Tributes paid to ‘hero’ Romford RAF Bomber Command veteran Harry Irons

PUBLISHED: 16:54 16 November 2018 | UPDATED: 17:10 20 November 2018

Harry Irons, former Bomber Command rear gunner died in Romford on Saturday, November 10

Harry Irons, former Bomber Command rear gunner died in Romford on Saturday, November 10


A former Bomber Command rear gunner who lied about his age so he could join the RAF during the Second World War died in Romford last week.

Harry Irons DFC (Distinguished Flying Cross) with photos of himself and his squadronHarry Irons DFC (Distinguished Flying Cross) with photos of himself and his squadron

Harry Irons died at the age of 94 on Saturday, November 10.

The RAF veteran used his brother’s papers so he could sign up to fight in 1940, at the age of 16.

He became a rear gunner with No 9 Squadron and he completed an amazing 60 operational sorties over Europe. He also flew Halifaxes with 158 Squadron.

In a previous interview with the Recorder about his experiences, Harry said: “Not many chaps survived more than three or four trips, so I consider myself very lucky.”

Nicky Barr, chief executive at the International Bomber Command Centre described Harry as a “cheeky, funny man”.

She said: “Harry was very passionate about fighting for recognition for veterans.

“He was a complete hero.”

Nicky said that the centre will be adding a stone with Harry’s name on it to their Ribbon of Remembrance which connects the Chadwick Centre to the Memorial Spire framing the Memorial Avenue.

The stones are for those who served or supported the Command’s operations are remembered and honoured whether lost during the war or since.

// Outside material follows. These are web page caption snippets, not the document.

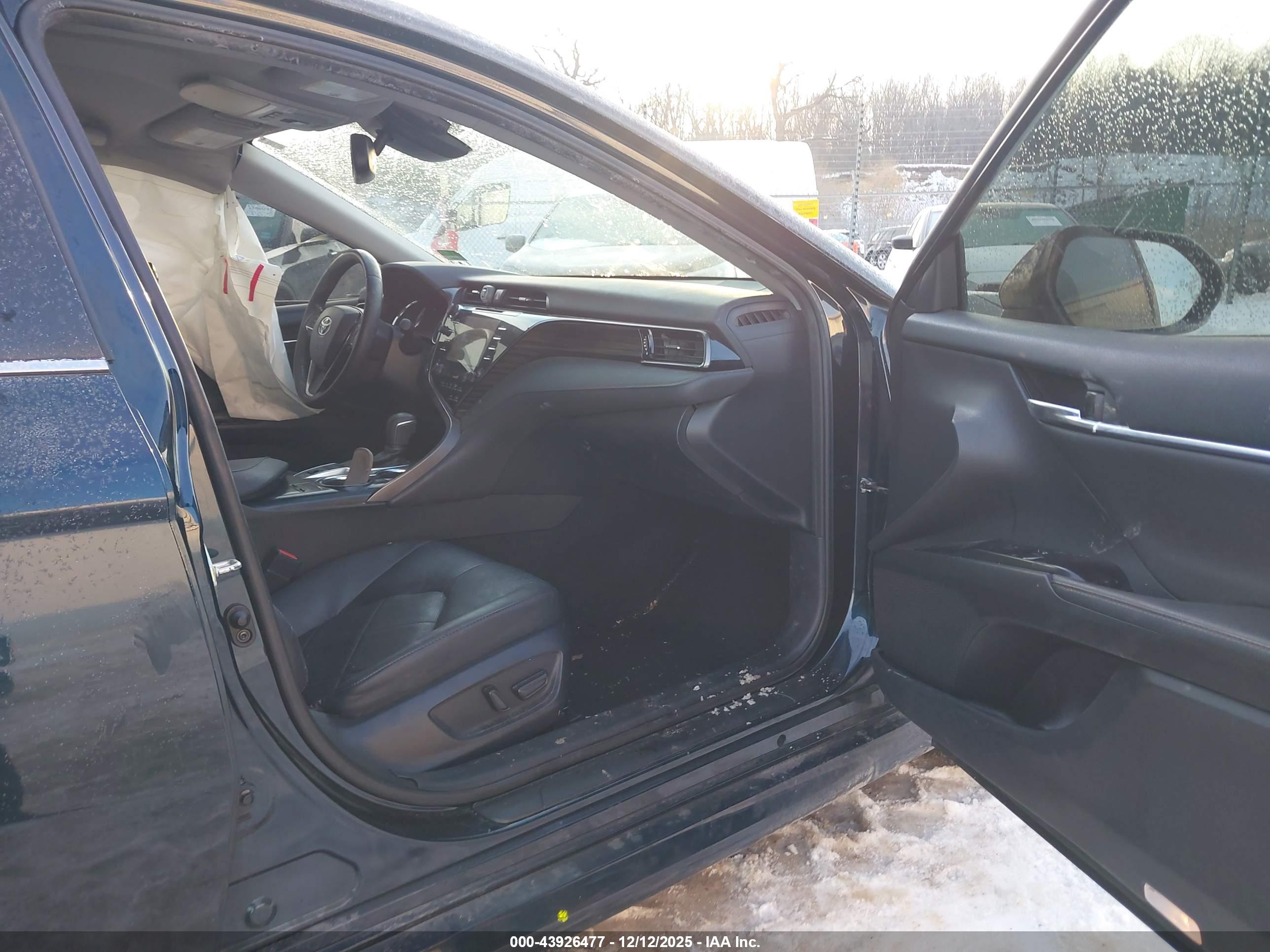 TOYOTA CAMRY image 5
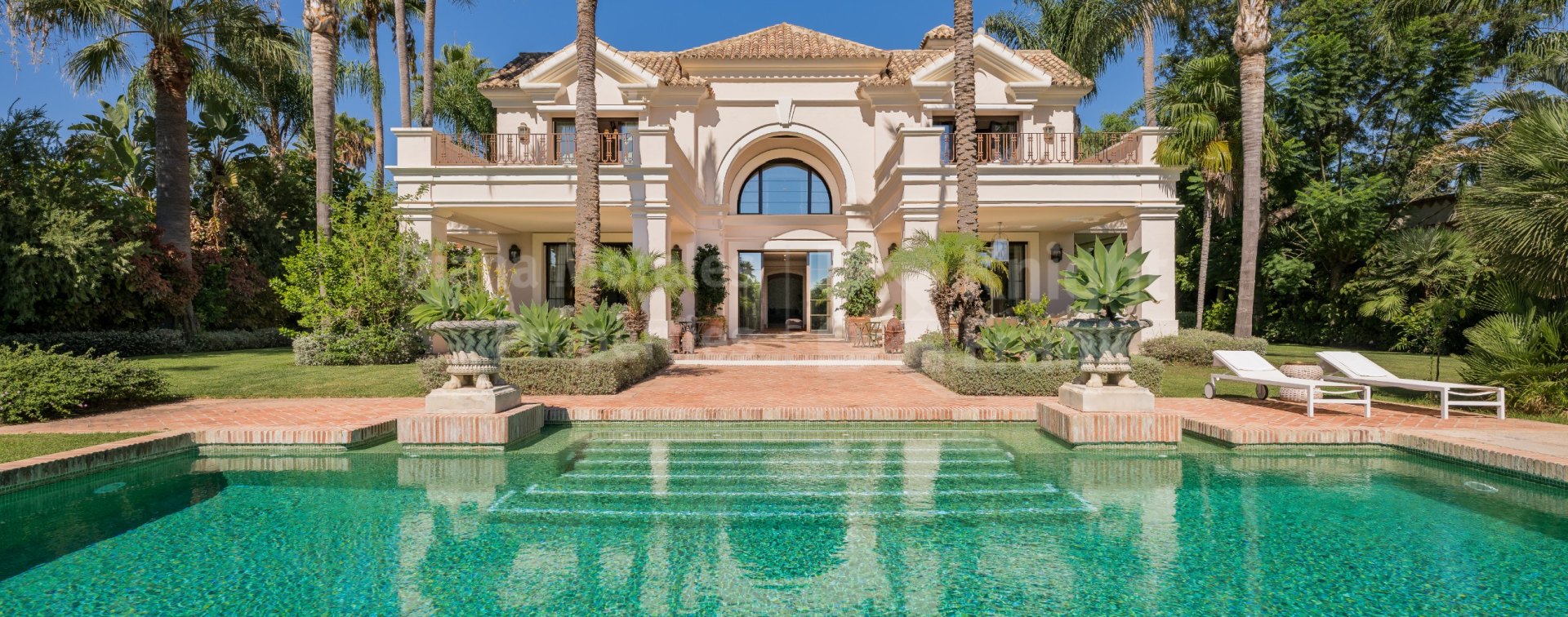 Villa excepcional en alquiler en Guadalmina Baja
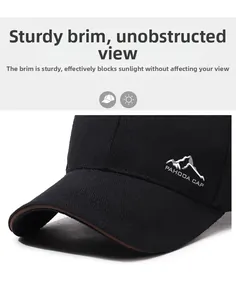 Dettaglio del cappellino con logo della montagna ricamato e visiera stratificata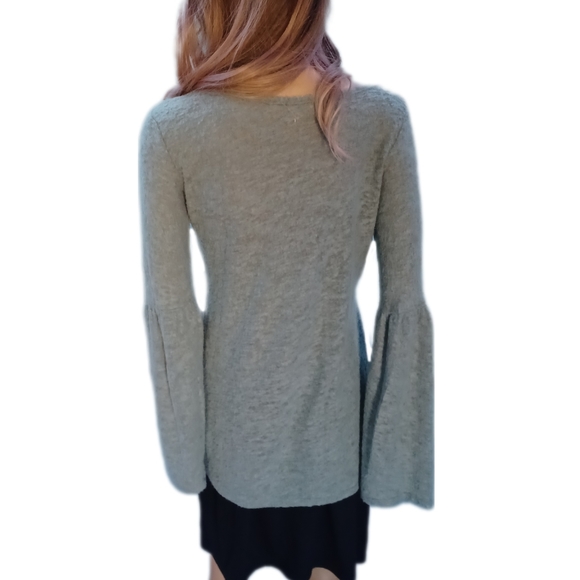 *SOLD*Andree' oversized S bell sleeve top fits S/M - Picture 4 of 5
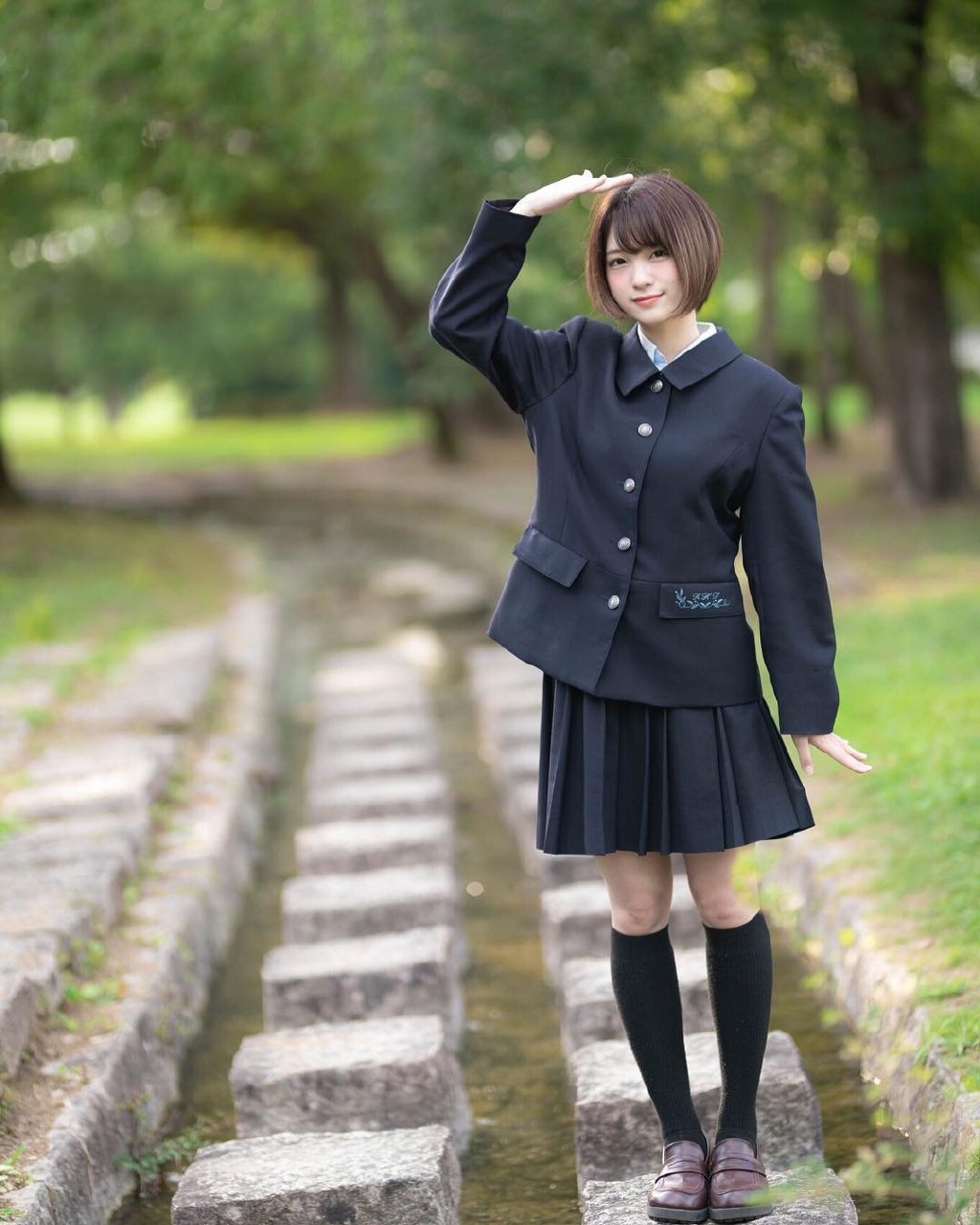 短髮日本妹子-冬季制服.jpg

Sharon Handley, Melanie Bowen and their colleages served Harry at the Natwest Bank branch in Collier Row for more than nine years.

“He was a larger than life character and so funny, he used to brighten our day,” said Sharon.

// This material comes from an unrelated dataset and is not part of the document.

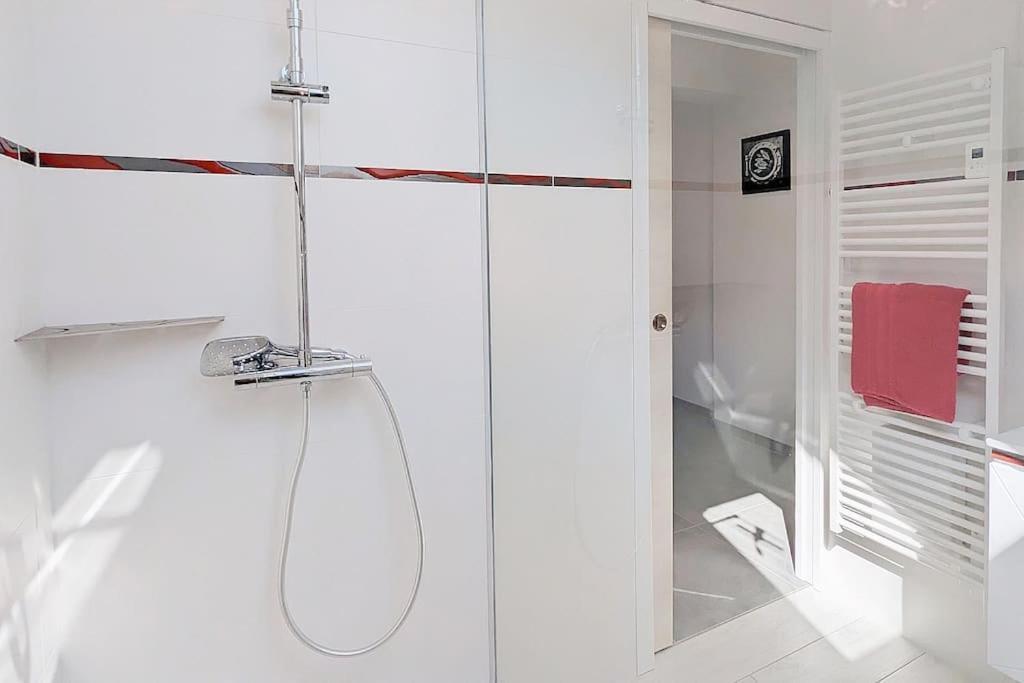 Appartement Pour 3 Personnes Sur La Plage Les Pieds Dans Leau Plonevez-Porzay Exterior photo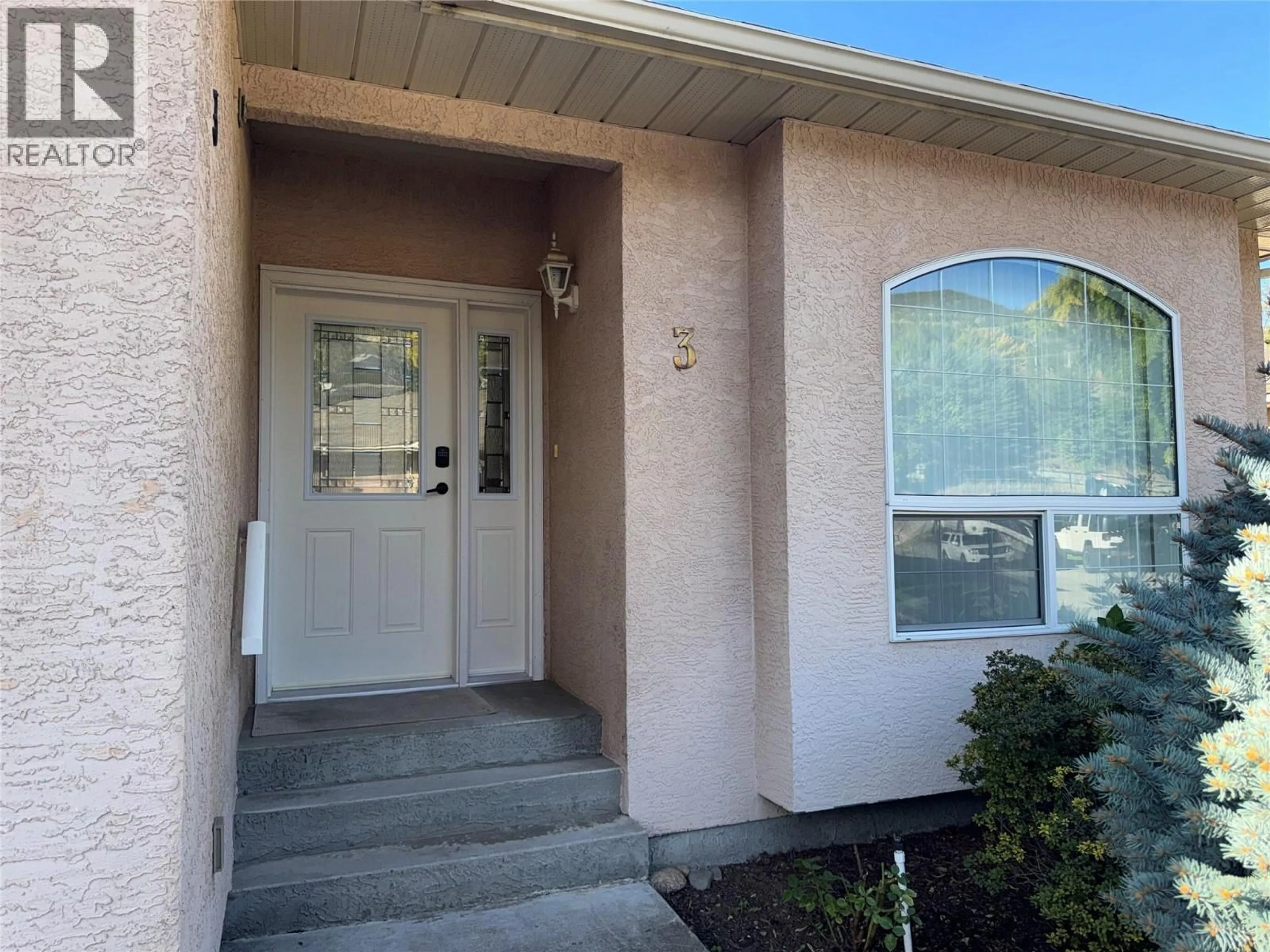 Indoor entryway for 3 - 2205 ROCKLAND AVENUE, Trail British Columbia V1R3G3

“We were very sad to hear he has passed away. Harry was a true gentleman he always said to us ‘see ya kid’.”

In 2007 Harry started a campaign for a permanent memorial to Bomber Command in Green Park.

After years of trying, Harry and fellow veterans saw their dreams realised when a multimillion-pound sculpture was unveiled in June in 2012.

The RAF donated aircraft and staff to the ceremony which took place before members of the Royal Family.

Author and former RAF navigator flight lieutenant John Nicol tweeted that Harry was “a real gent with a roguish attitude to life”.

Harry’s funeral will take place on November 28.